Locate "300g Cookie Dreams - Dark Chocolate" in the listing. Transcribe the line that contains it and every line that follows, through the last, omitting all pictures.

DATA PROVIDED -
☆ ☆ ☆ ☆

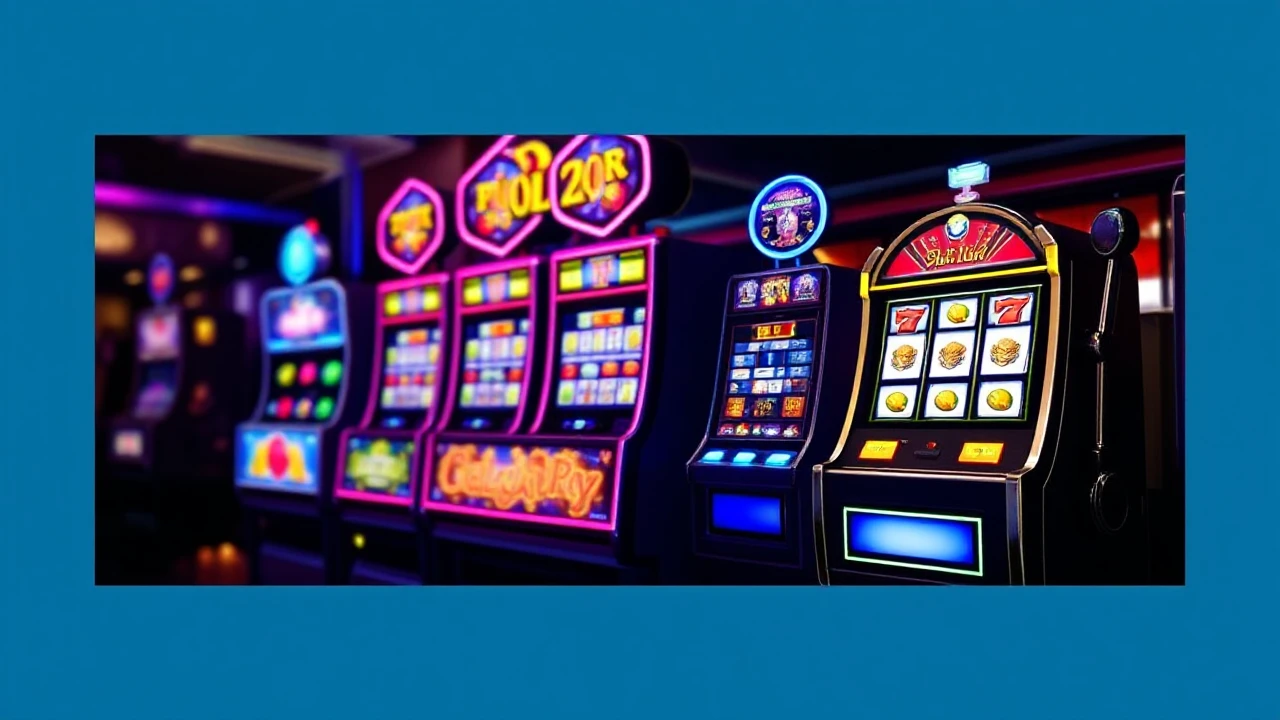 Upcoming Trends of Slot Machine Technology: Key Trends to Keep an Eye On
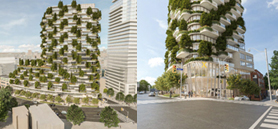 Designers can live and work together in new Toronto lux condo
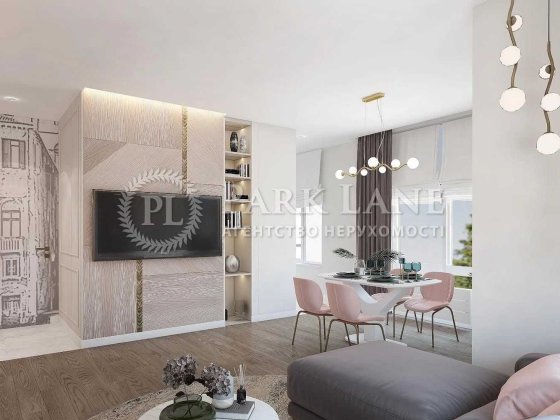 ЖК"Seven", Дніпровська наб., 18б, Київ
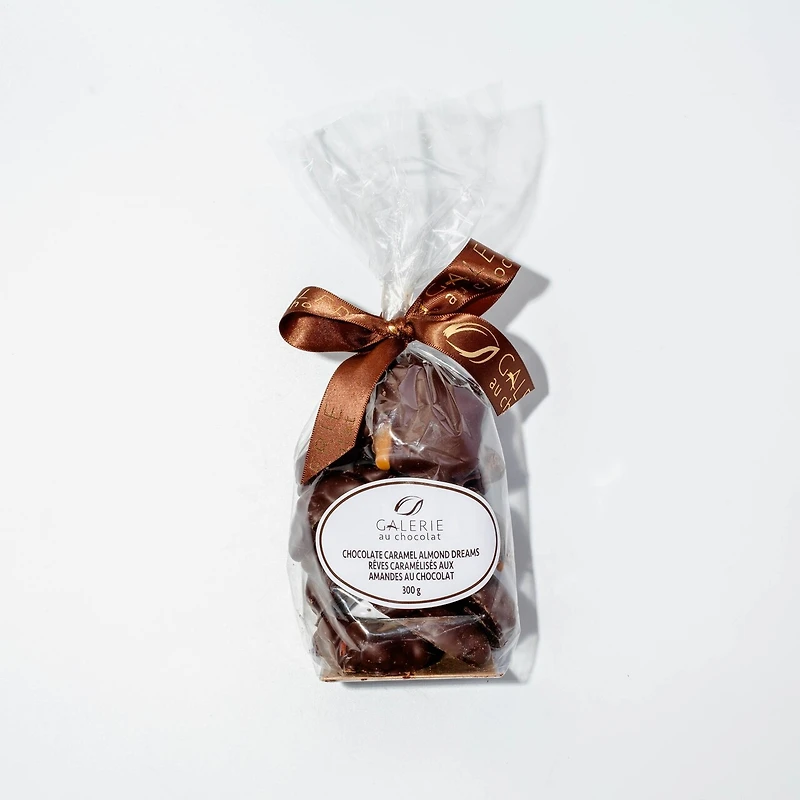 300g Cookie Dreams - Dark Chocolate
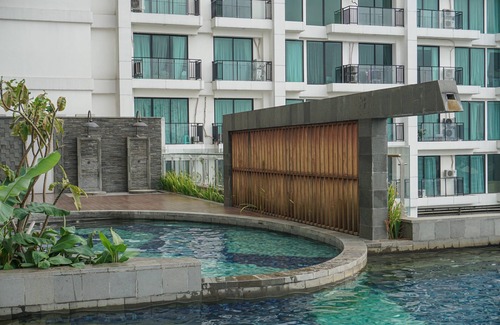 Mampang Prapatan Apartment | Cozy Stay Studio Apartment at Nine Residence
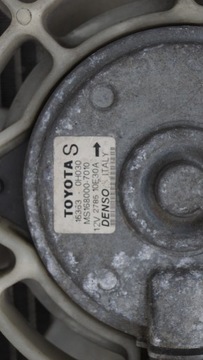 фото thumb №10, Радіаторів вентилятор toyota avensis t25 1.8 b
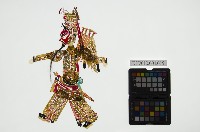 陝西皮影藏品圖，第1張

☆ ☆ ☆ ☆

RESULT BELOW -
 300g Cookie Dreams - Dark Chocolate
 Mampang Prapatan Apartment | Cozy Stay Studio Apartment at Nine Residence
 фото thumb №10, Радіаторів вентилятор toyota avensis t25 1.8 b
 陝西皮影藏品圖，第1張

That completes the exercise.